ÉDITORIAL PHILIPPE COUILLARD À LA PRESSE

Le décalage

Un mot résume le bilan de Philippe Couillard en matière de transports collectifs : décalage.

Sa vision est claire et ses objectifs sont ambitieux. Mais les moyens pris ne permettent pas encore de les atteindre. Son gouvernement avance, certes. Reste qu’il le fait d’un pas lent, et parfois parce que d’autres le poussent dans le dos.

C’était clair hier lors de notre rencontre éditoriale. Le premier ministre comprend le problème. Pour décarboniser son économie, le Québec doit d’abord s’attaquer aux transports. C’est le seul secteur où les émissions de gaz à effet de serre (GES) augmentent encore.

M. Couillard s’est donné des cibles ambitieuses pour 2030 : réduire les GES de 37,5 %, et réduire notre consommation de pétrole de 40 %. Il ne manque que de nouveaux gestes pour y parvenir.

Bien sûr, le plan d’action à cet égard n’a pas encore été déposé. Et d’excellentes décisions ont déjà été annoncées. Par exemple, le premier ministre a confirmé hier que le prolongement de la ligne bleue se ferait. Idem pour le train de l’Ouest et la navette sur le futur pont Champlain. À cela s’ajoutent l’arrivée des wagons Azur dans le métro ainsi que la réforme de la gouvernance des transports collectifs du Grand Montréal. Ce ménage permettra d’éviter des gâchis comme l’interminable réalisation du bus rapide sur Pie-IX.

Voilà une indéniable avancée. Or, un saut énorme est requis. Comme l’explique la politique énergétique dévoilée jeudi dernier, l’atteinte des cibles exigera une « réduction radicale de notre dépendance au pétrole ». Et pour l’instant, le Grand Montréal reste au neutre.

C’est vrai pour les trains. Même si on a ajouté la coûteuse ligne de l’Est, le service décline ailleurs. Les retards augmentent, surtout sur la ligne Vaudreuil-Hudson, à cause des conflits avec les trains de marchandises.

C’est aussi vrai pour le métro et les autobus. La fréquentation des services de la STM a diminué l’année dernière. Depuis 2008, le recours à la voiture à l’heure de pointe est de plus en plus fréquent. Et le nombre de voitures continue d’augmenter plus vite que la population.

On comprend donc la limite des solutions actuelles. Québec mise encore sur une carotte pas si appétissante, sans oser sortir le bâton.
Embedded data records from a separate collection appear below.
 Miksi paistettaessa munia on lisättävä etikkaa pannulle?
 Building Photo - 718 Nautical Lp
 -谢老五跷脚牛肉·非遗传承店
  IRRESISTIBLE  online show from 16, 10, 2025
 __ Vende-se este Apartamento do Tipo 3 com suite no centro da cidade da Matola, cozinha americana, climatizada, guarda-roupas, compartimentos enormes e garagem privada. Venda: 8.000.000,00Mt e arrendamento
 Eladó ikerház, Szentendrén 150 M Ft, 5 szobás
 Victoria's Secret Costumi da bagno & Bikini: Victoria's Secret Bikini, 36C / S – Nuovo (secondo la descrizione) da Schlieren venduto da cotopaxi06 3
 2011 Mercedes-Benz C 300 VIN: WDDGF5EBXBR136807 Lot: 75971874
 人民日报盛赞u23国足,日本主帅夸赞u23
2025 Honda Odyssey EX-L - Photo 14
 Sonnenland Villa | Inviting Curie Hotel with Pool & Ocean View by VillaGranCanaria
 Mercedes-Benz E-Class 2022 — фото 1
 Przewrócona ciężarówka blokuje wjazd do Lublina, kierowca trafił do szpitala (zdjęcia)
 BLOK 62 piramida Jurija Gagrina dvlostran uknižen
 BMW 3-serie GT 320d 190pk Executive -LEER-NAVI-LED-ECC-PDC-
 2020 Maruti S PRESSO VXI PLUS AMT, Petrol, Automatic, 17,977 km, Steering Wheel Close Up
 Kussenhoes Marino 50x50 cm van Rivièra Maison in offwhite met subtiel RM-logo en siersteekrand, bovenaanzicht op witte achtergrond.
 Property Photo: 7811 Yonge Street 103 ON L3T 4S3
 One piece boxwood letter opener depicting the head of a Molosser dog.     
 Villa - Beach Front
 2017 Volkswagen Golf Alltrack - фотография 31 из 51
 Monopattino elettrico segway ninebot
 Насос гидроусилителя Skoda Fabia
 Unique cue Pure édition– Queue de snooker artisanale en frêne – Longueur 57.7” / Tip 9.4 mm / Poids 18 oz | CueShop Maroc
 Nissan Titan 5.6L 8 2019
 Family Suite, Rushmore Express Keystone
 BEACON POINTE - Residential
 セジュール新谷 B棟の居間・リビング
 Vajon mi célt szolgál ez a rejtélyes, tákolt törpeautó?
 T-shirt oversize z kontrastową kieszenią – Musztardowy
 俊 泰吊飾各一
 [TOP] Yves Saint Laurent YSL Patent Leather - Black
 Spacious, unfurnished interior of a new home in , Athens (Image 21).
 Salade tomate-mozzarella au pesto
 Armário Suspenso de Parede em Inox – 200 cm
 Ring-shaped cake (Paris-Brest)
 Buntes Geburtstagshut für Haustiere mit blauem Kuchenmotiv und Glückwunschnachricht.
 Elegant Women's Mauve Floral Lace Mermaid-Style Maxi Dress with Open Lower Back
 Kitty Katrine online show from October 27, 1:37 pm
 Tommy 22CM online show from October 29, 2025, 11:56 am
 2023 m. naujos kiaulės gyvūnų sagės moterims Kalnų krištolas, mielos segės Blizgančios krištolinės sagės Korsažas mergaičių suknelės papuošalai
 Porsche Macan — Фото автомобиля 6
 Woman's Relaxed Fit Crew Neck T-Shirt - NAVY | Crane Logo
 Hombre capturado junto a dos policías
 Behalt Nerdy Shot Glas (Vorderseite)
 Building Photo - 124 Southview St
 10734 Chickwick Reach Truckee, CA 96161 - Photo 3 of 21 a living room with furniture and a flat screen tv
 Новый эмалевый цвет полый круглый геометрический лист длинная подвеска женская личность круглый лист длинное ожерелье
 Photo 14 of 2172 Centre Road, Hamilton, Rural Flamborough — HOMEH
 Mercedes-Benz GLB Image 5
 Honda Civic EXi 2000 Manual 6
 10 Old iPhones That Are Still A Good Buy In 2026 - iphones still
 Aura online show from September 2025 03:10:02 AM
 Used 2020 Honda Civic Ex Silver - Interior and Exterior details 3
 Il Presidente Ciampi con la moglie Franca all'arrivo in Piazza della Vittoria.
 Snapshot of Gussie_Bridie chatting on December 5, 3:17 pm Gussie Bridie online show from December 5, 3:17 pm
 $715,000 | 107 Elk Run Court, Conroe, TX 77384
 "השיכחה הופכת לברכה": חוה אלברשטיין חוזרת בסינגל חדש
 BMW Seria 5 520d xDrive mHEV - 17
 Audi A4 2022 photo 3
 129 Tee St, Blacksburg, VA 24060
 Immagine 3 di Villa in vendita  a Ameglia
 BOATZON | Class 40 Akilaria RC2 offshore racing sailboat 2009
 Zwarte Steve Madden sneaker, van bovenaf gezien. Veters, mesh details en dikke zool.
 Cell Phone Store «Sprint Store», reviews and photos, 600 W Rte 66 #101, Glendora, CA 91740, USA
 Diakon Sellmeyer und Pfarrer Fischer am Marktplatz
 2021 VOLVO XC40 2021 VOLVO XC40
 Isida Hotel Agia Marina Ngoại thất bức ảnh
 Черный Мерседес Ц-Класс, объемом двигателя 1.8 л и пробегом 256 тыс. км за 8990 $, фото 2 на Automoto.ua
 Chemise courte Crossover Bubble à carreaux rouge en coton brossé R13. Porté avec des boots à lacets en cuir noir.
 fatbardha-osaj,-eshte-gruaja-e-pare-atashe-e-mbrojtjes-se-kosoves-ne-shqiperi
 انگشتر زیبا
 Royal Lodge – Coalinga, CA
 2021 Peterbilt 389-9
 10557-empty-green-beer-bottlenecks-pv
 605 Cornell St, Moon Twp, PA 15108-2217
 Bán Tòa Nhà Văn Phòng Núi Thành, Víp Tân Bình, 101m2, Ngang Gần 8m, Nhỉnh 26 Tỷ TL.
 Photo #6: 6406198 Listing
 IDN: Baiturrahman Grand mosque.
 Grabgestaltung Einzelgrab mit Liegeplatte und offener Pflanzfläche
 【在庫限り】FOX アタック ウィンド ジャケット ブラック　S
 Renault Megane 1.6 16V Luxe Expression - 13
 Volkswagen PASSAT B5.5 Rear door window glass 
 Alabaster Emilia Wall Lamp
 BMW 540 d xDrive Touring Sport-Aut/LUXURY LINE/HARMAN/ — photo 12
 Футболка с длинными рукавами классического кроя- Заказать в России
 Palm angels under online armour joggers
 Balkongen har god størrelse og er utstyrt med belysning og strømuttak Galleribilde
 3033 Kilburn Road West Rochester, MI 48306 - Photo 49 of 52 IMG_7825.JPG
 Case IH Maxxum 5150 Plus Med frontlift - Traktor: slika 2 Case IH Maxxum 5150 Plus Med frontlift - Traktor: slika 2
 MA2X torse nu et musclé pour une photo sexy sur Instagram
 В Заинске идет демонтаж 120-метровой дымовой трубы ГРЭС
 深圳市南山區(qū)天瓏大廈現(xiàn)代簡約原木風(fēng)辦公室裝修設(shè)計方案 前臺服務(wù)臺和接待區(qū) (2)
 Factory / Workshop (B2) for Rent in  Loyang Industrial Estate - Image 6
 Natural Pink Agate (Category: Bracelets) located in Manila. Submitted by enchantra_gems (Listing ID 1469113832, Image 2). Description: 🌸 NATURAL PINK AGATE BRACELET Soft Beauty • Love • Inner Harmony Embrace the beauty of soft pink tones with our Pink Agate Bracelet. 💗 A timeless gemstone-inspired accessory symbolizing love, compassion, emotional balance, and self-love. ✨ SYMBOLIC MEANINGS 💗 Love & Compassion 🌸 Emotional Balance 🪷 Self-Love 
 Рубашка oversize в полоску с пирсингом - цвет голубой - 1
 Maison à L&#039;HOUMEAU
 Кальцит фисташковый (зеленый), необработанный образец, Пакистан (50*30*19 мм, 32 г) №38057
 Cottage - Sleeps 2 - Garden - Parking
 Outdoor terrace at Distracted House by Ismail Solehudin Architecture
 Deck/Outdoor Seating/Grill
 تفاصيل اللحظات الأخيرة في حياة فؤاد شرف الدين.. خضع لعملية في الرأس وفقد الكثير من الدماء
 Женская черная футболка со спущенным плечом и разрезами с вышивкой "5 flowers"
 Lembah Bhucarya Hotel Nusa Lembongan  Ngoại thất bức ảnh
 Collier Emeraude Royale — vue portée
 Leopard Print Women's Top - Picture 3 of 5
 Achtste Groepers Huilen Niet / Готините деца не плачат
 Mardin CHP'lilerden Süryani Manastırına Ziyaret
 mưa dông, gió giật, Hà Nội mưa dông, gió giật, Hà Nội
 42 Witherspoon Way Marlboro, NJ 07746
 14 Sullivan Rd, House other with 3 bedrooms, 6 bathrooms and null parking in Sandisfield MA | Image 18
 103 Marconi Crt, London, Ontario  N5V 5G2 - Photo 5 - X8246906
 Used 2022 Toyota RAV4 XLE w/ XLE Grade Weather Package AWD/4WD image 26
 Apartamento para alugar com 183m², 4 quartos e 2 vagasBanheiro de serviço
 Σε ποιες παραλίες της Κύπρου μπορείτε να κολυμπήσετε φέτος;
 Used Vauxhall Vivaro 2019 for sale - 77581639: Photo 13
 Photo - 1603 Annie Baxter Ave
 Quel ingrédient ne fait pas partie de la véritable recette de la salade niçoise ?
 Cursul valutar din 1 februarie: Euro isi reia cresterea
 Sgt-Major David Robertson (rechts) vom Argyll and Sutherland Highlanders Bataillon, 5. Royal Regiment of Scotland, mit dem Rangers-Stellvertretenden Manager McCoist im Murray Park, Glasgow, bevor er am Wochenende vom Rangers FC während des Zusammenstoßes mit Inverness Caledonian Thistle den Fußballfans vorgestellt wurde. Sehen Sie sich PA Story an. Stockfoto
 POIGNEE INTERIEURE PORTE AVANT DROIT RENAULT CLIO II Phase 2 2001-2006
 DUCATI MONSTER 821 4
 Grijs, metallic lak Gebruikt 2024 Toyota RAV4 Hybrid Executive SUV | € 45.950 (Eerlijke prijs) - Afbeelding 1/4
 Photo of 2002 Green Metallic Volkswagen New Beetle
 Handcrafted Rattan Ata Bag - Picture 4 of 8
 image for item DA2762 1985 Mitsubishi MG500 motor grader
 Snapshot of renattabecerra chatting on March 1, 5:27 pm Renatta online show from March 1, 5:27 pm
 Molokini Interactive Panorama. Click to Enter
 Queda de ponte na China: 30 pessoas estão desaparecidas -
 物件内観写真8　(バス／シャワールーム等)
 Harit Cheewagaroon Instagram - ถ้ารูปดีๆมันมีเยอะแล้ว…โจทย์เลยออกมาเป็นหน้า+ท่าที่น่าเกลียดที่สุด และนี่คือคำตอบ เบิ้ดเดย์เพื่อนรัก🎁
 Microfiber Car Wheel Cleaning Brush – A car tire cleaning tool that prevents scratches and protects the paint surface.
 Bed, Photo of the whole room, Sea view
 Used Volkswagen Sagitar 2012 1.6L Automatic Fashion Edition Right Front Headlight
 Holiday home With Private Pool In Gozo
Bref, on s’en remet trop à la vertu, une ressource limitée.

Après avoir assaini la gouvernance et lancé des projets structurants, M. Couillard devrait passer à la prochaine vitesse en modifiant quatre paramètres : les incitatifs, avec de réelles mesures d’écofiscalité qui intègreront le coût de la pollution. L’urbanisme, car on ne peut blâmer un résidant de la banlieue de prendre sa voiture si tout l’y encourage. La technologie, pour forcer les constructeurs à améliorer le rendement de leurs moteurs. Et enfin, les investissements en infrastructures. D’ici 2030, un plus grand pourcentage de cette enveloppe devrait être réservé aux transports collectifs.

La nouvelle politique énergétique prévoit la création d’un organisme-conseil. Mais peut-être que ce dont Québec a vraiment besoin, c’est d’un conseiller en courage.